What is being asked :: Make an exact copy of the lines below.

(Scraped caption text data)
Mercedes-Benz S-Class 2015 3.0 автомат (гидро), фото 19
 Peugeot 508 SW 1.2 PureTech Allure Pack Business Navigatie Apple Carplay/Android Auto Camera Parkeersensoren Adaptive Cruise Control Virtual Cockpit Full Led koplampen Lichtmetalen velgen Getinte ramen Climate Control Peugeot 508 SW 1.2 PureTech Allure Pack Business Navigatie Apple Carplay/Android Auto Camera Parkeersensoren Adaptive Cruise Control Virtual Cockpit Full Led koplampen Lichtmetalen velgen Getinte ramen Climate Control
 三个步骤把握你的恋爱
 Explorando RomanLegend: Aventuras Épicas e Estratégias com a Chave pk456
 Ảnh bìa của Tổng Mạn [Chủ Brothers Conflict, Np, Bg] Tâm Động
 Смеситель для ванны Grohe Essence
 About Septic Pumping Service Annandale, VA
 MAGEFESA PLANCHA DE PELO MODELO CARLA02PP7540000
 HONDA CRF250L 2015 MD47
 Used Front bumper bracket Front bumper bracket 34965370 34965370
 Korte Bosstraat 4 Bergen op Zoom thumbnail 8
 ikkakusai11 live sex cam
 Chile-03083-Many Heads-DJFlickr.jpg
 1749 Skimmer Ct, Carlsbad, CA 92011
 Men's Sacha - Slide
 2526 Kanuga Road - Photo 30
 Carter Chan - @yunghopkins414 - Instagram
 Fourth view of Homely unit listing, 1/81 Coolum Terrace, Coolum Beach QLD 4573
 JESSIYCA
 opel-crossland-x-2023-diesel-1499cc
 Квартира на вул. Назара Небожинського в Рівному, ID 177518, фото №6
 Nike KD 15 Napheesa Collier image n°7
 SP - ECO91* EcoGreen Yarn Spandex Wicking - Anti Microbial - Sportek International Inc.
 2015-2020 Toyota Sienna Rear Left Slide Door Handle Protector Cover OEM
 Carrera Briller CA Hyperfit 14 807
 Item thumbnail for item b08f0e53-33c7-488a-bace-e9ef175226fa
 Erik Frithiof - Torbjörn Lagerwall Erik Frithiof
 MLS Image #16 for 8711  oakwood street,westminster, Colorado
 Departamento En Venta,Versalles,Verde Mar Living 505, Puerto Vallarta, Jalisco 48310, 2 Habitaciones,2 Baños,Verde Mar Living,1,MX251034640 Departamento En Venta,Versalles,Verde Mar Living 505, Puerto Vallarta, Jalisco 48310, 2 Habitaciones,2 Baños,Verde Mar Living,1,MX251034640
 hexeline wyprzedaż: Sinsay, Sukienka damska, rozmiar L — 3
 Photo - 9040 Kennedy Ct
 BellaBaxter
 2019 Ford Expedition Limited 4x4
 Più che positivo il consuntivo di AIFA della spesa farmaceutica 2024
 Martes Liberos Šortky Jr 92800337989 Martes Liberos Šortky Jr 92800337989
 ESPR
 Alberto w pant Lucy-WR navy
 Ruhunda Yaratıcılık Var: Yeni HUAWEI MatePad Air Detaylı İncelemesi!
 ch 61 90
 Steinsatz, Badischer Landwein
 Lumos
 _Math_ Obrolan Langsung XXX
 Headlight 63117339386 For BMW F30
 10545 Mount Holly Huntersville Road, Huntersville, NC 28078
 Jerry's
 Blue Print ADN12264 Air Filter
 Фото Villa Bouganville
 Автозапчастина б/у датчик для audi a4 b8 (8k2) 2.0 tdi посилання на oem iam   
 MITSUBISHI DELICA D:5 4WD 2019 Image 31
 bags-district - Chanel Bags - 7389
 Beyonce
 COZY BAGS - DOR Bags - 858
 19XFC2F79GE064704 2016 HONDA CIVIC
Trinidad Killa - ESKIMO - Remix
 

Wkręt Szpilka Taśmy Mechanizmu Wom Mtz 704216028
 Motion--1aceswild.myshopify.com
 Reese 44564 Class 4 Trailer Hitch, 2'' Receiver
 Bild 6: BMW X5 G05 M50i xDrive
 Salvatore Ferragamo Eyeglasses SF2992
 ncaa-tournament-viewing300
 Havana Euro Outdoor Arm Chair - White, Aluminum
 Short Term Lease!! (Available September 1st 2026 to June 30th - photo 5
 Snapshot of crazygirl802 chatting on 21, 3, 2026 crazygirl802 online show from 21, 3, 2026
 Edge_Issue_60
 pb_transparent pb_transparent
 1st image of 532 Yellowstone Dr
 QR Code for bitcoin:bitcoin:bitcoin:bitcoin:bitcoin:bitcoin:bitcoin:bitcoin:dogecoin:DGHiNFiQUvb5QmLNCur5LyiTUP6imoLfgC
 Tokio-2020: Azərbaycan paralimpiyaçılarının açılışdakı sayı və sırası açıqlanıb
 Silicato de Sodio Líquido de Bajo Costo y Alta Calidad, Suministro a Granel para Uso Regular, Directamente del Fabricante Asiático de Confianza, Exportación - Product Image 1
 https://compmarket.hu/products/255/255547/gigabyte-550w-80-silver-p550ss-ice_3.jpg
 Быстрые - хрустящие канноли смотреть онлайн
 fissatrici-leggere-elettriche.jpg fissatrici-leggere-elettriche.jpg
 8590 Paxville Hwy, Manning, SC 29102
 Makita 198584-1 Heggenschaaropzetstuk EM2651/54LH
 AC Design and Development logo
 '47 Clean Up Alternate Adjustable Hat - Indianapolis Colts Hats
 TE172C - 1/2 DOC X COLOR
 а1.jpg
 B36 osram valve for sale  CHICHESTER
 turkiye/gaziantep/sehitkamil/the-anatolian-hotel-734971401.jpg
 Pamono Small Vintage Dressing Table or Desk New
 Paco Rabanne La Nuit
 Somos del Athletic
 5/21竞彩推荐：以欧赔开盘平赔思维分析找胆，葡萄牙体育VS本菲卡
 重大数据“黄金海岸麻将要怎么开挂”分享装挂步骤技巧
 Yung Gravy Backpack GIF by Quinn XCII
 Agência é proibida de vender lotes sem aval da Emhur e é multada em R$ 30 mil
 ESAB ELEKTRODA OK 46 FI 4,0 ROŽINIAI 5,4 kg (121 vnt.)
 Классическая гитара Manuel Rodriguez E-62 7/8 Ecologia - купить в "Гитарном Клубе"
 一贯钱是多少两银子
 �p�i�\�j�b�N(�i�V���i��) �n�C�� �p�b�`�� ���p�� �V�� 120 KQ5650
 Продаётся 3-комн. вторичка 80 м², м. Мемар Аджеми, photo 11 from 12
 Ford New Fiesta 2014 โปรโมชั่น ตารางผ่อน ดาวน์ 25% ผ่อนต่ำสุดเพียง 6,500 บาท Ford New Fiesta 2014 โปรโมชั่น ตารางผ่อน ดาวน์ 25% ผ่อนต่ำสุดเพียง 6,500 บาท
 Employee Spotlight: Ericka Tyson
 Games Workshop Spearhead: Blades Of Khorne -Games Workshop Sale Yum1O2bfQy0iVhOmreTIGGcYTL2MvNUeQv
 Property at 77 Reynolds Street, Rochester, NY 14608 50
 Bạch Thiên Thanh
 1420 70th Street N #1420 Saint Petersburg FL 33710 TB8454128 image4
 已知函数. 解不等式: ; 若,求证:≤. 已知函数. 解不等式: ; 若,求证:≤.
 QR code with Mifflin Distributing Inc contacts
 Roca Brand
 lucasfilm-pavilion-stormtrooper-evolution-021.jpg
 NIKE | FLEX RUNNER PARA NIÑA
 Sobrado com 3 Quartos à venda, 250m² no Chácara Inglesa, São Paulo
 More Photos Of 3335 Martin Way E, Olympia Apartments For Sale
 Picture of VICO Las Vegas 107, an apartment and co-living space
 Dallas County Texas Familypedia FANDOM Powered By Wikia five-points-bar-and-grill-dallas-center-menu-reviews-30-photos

Answer space ::
Mercedes-Benz S-Class 2015 3.0 автомат (гидро), фото 19
 Peugeot 508 SW 1.2 PureTech Allure Pack Business Navigatie Apple Carplay/Android Auto Camera Parkeersensoren Adaptive Cruise Control Virtual Cockpit Full Led koplampen Lichtmetalen velgen Getinte ramen Climate Control Peugeot 508 SW 1.2 PureTech Allure Pack Business Navigatie Apple Carplay/Android Auto Camera Parkeersensoren Adaptive Cruise Control Virtual Cockpit Full Led koplampen Lichtmetalen velgen Getinte ramen Climate Control
 三个步骤把握你的恋爱
 Explorando RomanLegend: Aventuras Épicas e Estratégias com a Chave pk456
 Ảnh bìa của Tổng Mạn [Chủ Brothers Conflict, Np, Bg] Tâm Động
 Смеситель для ванны Grohe Essence
 About Septic Pumping Service Annandale, VA
 MAGEFESA PLANCHA DE PELO MODELO CARLA02PP7540000
 HONDA CRF250L 2015 MD47
 Used Front bumper bracket Front bumper bracket 34965370 34965370
 Korte Bosstraat 4 Bergen op Zoom thumbnail 8
 ikkakusai11 live sex cam
 Chile-03083-Many Heads-DJFlickr.jpg
 1749 Skimmer Ct, Carlsbad, CA 92011
 Men's Sacha - Slide
 2526 Kanuga Road - Photo 30
 Carter Chan - @yunghopkins414 - Instagram
 Fourth view of Homely unit listing, 1/81 Coolum Terrace, Coolum Beach QLD 4573
 JESSIYCA
 opel-crossland-x-2023-diesel-1499cc
 Квартира на вул. Назара Небожинського в Рівному, ID 177518, фото №6
 Nike KD 15 Napheesa Collier image n°7
 SP - ECO91* EcoGreen Yarn Spandex Wicking - Anti Microbial - Sportek International Inc.
 2015-2020 Toyota Sienna Rear Left Slide Door Handle Protector Cover OEM
 Carrera Briller CA Hyperfit 14 807
 Item thumbnail for item b08f0e53-33c7-488a-bace-e9ef175226fa
 Erik Frithiof - Torbjörn Lagerwall Erik Frithiof
 MLS Image #16 for 8711  oakwood street,westminster, Colorado
 Departamento En Venta,Versalles,Verde Mar Living 505, Puerto Vallarta, Jalisco 48310, 2 Habitaciones,2 Baños,Verde Mar Living,1,MX251034640 Departamento En Venta,Versalles,Verde Mar Living 505, Puerto Vallarta, Jalisco 48310, 2 Habitaciones,2 Baños,Verde Mar Living,1,MX251034640
 hexeline wyprzedaż: Sinsay, Sukienka damska, rozmiar L — 3
 Photo - 9040 Kennedy Ct
 BellaBaxter
 2019 Ford Expedition Limited 4x4
 Più che positivo il consuntivo di AIFA della spesa farmaceutica 2024
 Martes Liberos Šortky Jr 92800337989 Martes Liberos Šortky Jr 92800337989
 ESPR
 Alberto w pant Lucy-WR navy
 Ruhunda Yaratıcılık Var: Yeni HUAWEI MatePad Air Detaylı İncelemesi!
 ch 61 90
 Steinsatz, Badischer Landwein
 Lumos
 _Math_ Obrolan Langsung XXX
 Headlight 63117339386 For BMW F30
 10545 Mount Holly Huntersville Road, Huntersville, NC 28078
 Jerry's
 Blue Print ADN12264 Air Filter
 Фото Villa Bouganville
 Автозапчастина б/у датчик для audi a4 b8 (8k2) 2.0 tdi посилання на oem iam   
 MITSUBISHI DELICA D:5 4WD 2019 Image 31
 bags-district - Chanel Bags - 7389
 Beyonce
 COZY BAGS - DOR Bags - 858
 19XFC2F79GE064704 2016 HONDA CIVIC
Trinidad Killa - ESKIMO - Remix
 

Wkręt Szpilka Taśmy Mechanizmu Wom Mtz 704216028
 Motion--1aceswild.myshopify.com
 Reese 44564 Class 4 Trailer Hitch, 2'' Receiver
 Bild 6: BMW X5 G05 M50i xDrive
 Salvatore Ferragamo Eyeglasses SF2992
 ncaa-tournament-viewing300
 Havana Euro Outdoor Arm Chair - White, Aluminum
 Short Term Lease!! (Available September 1st 2026 to June 30th - photo 5
 Snapshot of crazygirl802 chatting on 21, 3, 2026 crazygirl802 online show from 21, 3, 2026
 Edge_Issue_60
 pb_transparent pb_transparent
 1st image of 532 Yellowstone Dr
 QR Code for bitcoin:bitcoin:bitcoin:bitcoin:bitcoin:bitcoin:bitcoin:bitcoin:dogecoin:DGHiNFiQUvb5QmLNCur5LyiTUP6imoLfgC
 Tokio-2020: Azərbaycan paralimpiyaçılarının açılışdakı sayı və sırası açıqlanıb
 Silicato de Sodio Líquido de Bajo Costo y Alta Calidad, Suministro a Granel para Uso Regular, Directamente del Fabricante Asiático de Confianza, Exportación - Product Image 1
 https://compmarket.hu/products/255/255547/gigabyte-550w-80-silver-p550ss-ice_3.jpg
 Быстрые - хрустящие канноли смотреть онлайн
 fissatrici-leggere-elettriche.jpg fissatrici-leggere-elettriche.jpg
 8590 Paxville Hwy, Manning, SC 29102
 Makita 198584-1 Heggenschaaropzetstuk EM2651/54LH
 AC Design and Development logo
 '47 Clean Up Alternate Adjustable Hat - Indianapolis Colts Hats
 TE172C - 1/2 DOC X COLOR
 а1.jpg
 B36 osram valve for sale  CHICHESTER
 turkiye/gaziantep/sehitkamil/the-anatolian-hotel-734971401.jpg
 Pamono Small Vintage Dressing Table or Desk New
 Paco Rabanne La Nuit
 Somos del Athletic
 5/21竞彩推荐：以欧赔开盘平赔思维分析找胆，葡萄牙体育VS本菲卡
 重大数据“黄金海岸麻将要怎么开挂”分享装挂步骤技巧
 Yung Gravy Backpack GIF by Quinn XCII
 Agência é proibida de vender lotes sem aval da Emhur e é multada em R$ 30 mil
 ESAB ELEKTRODA OK 46 FI 4,0 ROŽINIAI 5,4 kg (121 vnt.)
 Классическая гитара Manuel Rodriguez E-62 7/8 Ecologia - купить в "Гитарном Клубе"
 一贯钱是多少两银子
 �p�i�\�j�b�N(�i�V���i��) �n�C�� �p�b�`�� ���p�� �V�� 120 KQ5650
 Продаётся 3-комн. вторичка 80 м², м. Мемар Аджеми, photo 11 from 12
 Ford New Fiesta 2014 โปรโมชั่น ตารางผ่อน ดาวน์ 25% ผ่อนต่ำสุดเพียง 6,500 บาท Ford New Fiesta 2014 โปรโมชั่น ตารางผ่อน ดาวน์ 25% ผ่อนต่ำสุดเพียง 6,500 บาท
 Employee Spotlight: Ericka Tyson
 Games Workshop Spearhead: Blades Of Khorne -Games Workshop Sale Yum1O2bfQy0iVhOmreTIGGcYTL2MvNUeQv
 Property at 77 Reynolds Street, Rochester, NY 14608 50
 Bạch Thiên Thanh
 1420 70th Street N #1420 Saint Petersburg FL 33710 TB8454128 image4
 已知函数. 解不等式: ; 若,求证:≤. 已知函数. 解不等式: ; 若,求证:≤.
 QR code with Mifflin Distributing Inc contacts
 Roca Brand
 lucasfilm-pavilion-stormtrooper-evolution-021.jpg
 NIKE | FLEX RUNNER PARA NIÑA
 Sobrado com 3 Quartos à venda, 250m² no Chácara Inglesa, São Paulo
 More Photos Of 3335 Martin Way E, Olympia Apartments For Sale
 Picture of VICO Las Vegas 107, an apartment and co-living space
 Dallas County Texas Familypedia FANDOM Powered By Wikia five-points-bar-and-grill-dallas-center-menu-reviews-30-photos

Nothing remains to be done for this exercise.